You don't need to build Temporal from scratch either. A thin durable execution layer plus the AI orchestration that your agents provide. That's the whole thing.

90% Value = Intelligence

~10% Value = Execution

0% Value = Vendor Lock

Movement 05

The Decision Framework

So if "build vs buy" is the wrong framing... what's the right one? Here's the decision framework I use. Three questions. Answer them honestly and the path becomes clear.

Question 1: Where is the intelligence?

If the workflow is purely deterministic... "if field X equals Y, route to queue Z"... a traditional engine is fine. Use n8n. Use ServiceNow. Use whatever. There's no intelligence to own. But if the workflow requires judgment... reading documents, classifying requests, making contextual decisions, handling edge cases... you need an LLM at the nodes. And the moment you need an LLM at the nodes, the "engine" becomes irrelevant. The intelligence IS the workflow.

Deterministic Workflow

Route, branch, loop

No reasoning required. Rules are static. Conditions are binary. The engine does the work. Traditional platforms serve this fine. This is a decreasing percentage of valuable workflows.

Intelligent Workflow

Reason, decide, adapt

Every step requires judgment. Conditions are contextual. Edge cases are common. The LLM does the work. The "engine" is just state tracking. This is where the value is migrating.

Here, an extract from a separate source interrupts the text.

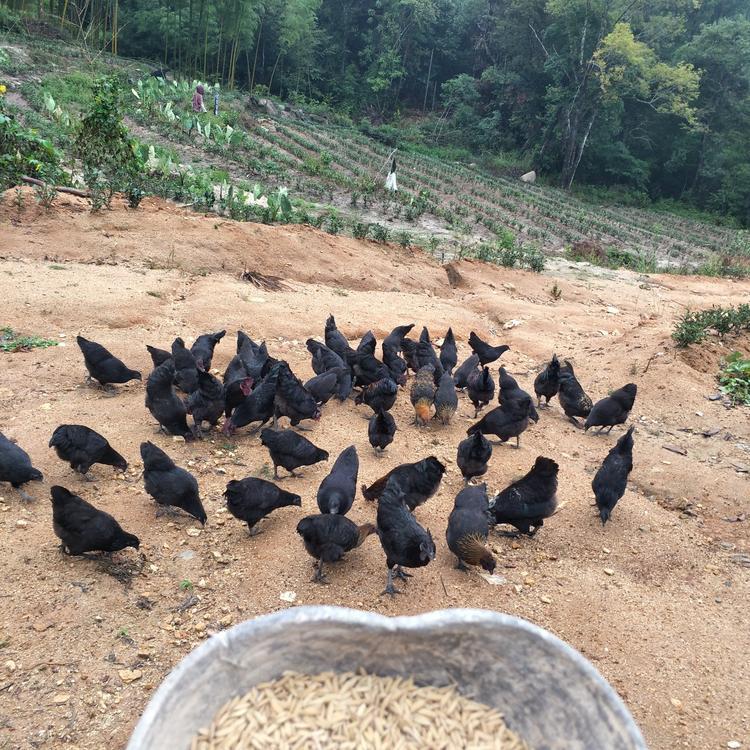 黑土鸡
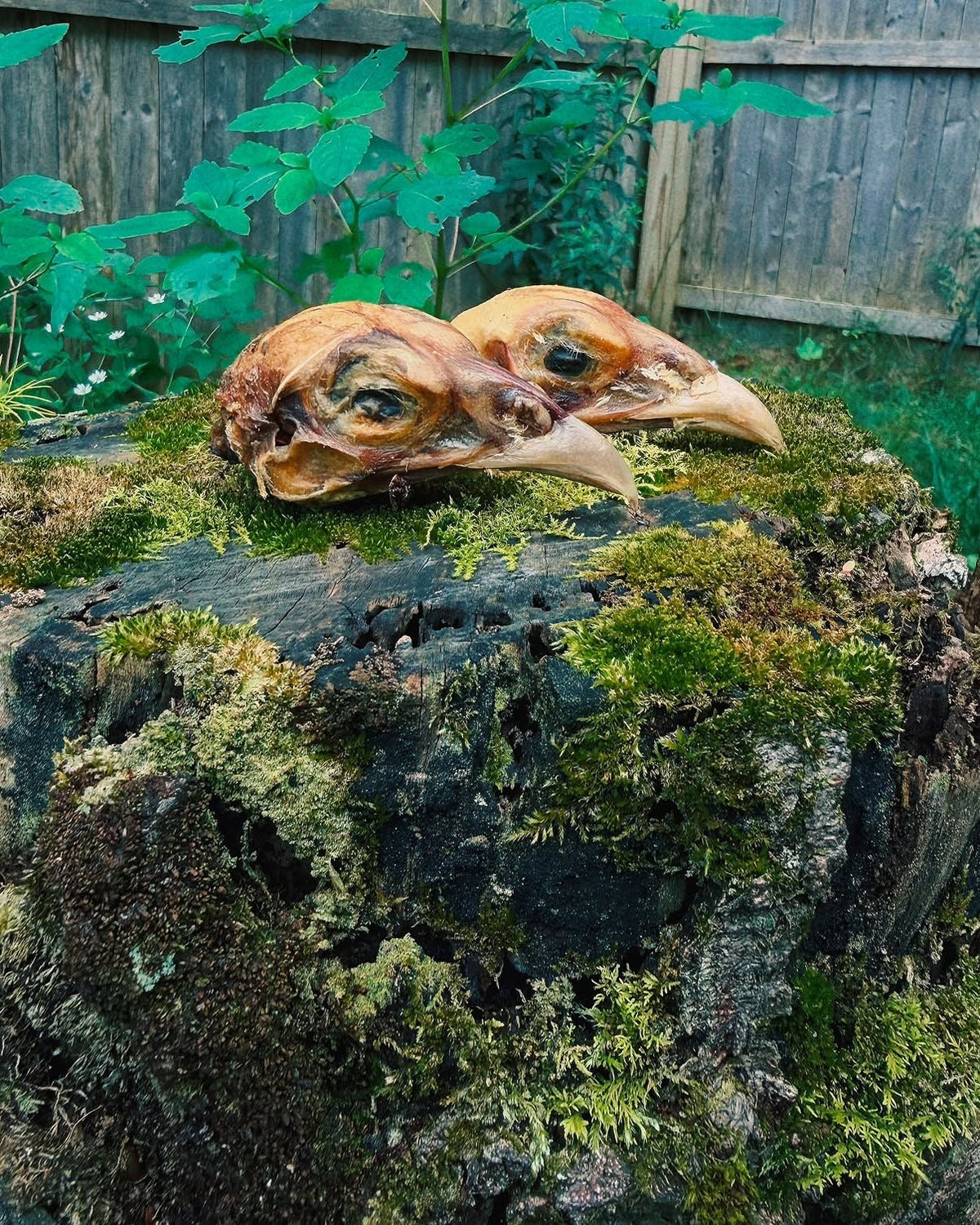 Pheasant Heads Naked Beasts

Question 2: Where does the competitive advantage live?

If your workflow is a commodity process... basic HR onboarding, standard IT ticketing... buying makes sense. The workflow isn't a differentiator. But if the workflow encodes your operational expertise... how YOU process claims, how YOU onboard sponsors, how YOU assess risk... then buying a platform means encoding your competitive advantage in someone else's abstractions. You're renting your own judgment back.

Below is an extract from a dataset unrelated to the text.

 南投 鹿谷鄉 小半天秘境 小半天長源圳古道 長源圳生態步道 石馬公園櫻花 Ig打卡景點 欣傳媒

Question 3: What's the regulatory surface?

In financial services, the audit trail matters. The governance matters. The ability to explain exactly what happened and why matters. When you buy a platform, you inherit their governance model. When you own the intelligence layer, you design governance that maps to YOUR regulatory requirements... OSFI, SOX, internal audit. The governance layer isn't overhead. It's the product.

In Practice

Here's how it plays out.

Deterministic + commodity + low regulatory surface? Buy. Use n8n, Zapier, ServiceNow flows. Don't over-engineer it.

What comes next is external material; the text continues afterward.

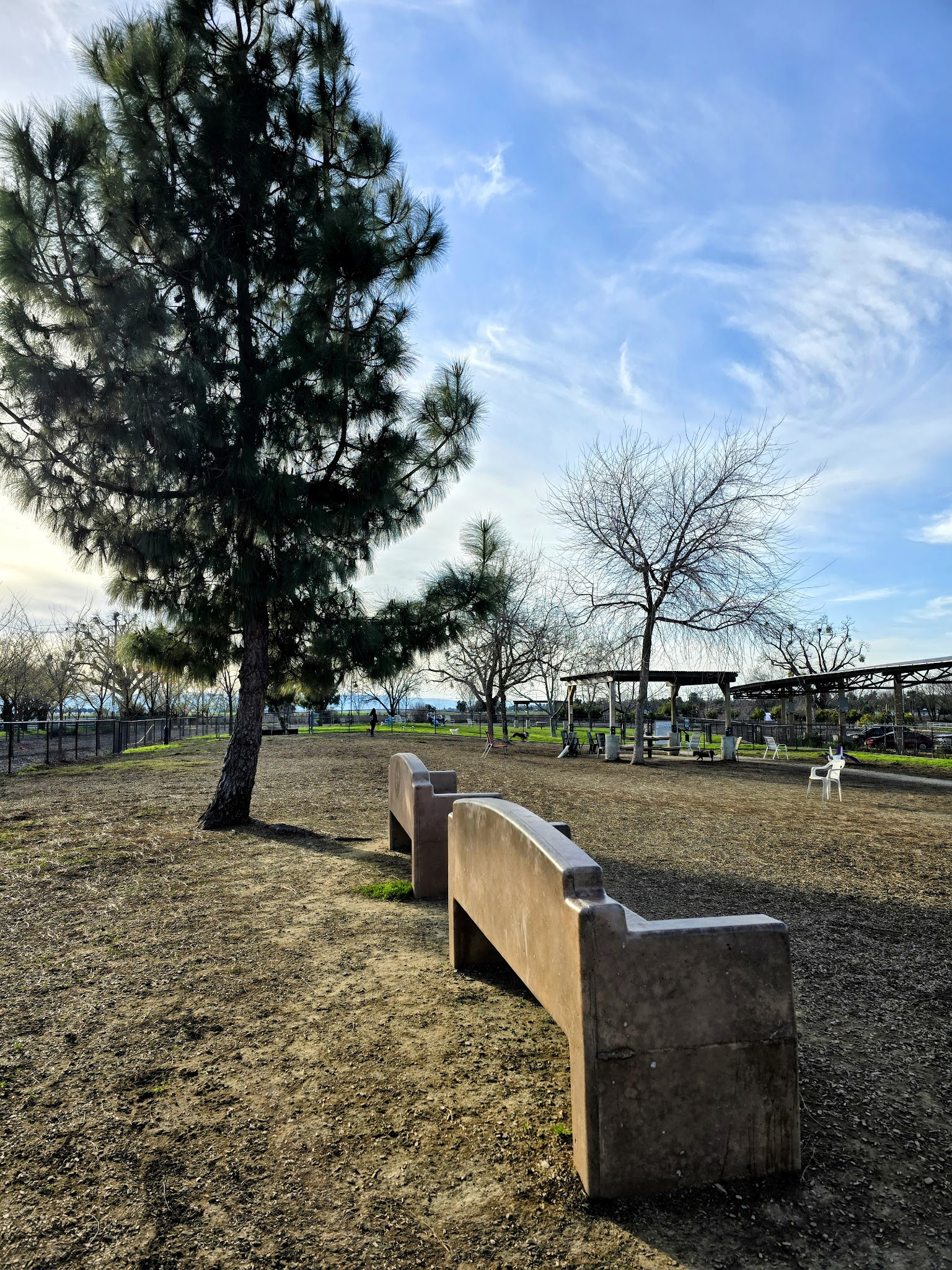 Woodland Off Leash Dog Park - Woodland, CA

Intelligent + differentiating + high regulatory surface? Own the intelligence. Use commodity execution infrastructure. Build the thin orchestration layer that connects your agents to your systems with your governance.

Mixed? Split. Use bought platforms for commodity workflows. Build the intelligent layer for differentiating ones. Don't force everything into one paradigm.

The Call

Stop Debating. Start Decomposing.

The next time someone puts a workflow on the screen and asks "build or buy?"... stop. Reframe. The workflow engine as a category is dissolving. What remains are two distinct things: intelligence that requires judgment, and execution infrastructure that doesn't.

The expensive mistake is licensing a platform to solve a problem that LLMs have already dissolved. You end up encoding your operational expertise in someone else's abstractions and paying annually for the privilege. The other expensive mistake is assuming LLMs handle everything and shipping something that can't survive a server restart or explain itself to a regulator.

The right move is knowing which layer is which. We're doing this now at Sun Life... looking at our Pega footprint, our document generation stack, our orchestration experiments, our agentic AI ambitions... and instead of asking "which vendor replaces which vendor," asking where the intelligence actually lives in each workflow and who should own it. Some of those workflows are commodity...some of them ARE our competitive advantage. The answer is different for each one, and that's the point.

"Build vs buy" was the right question in 2020. In 2026, the right question is: "What do I need to own, and what can I compose?"

"Own the intelligence. Compose the infrastructure. And stop debating a question the technology already answered."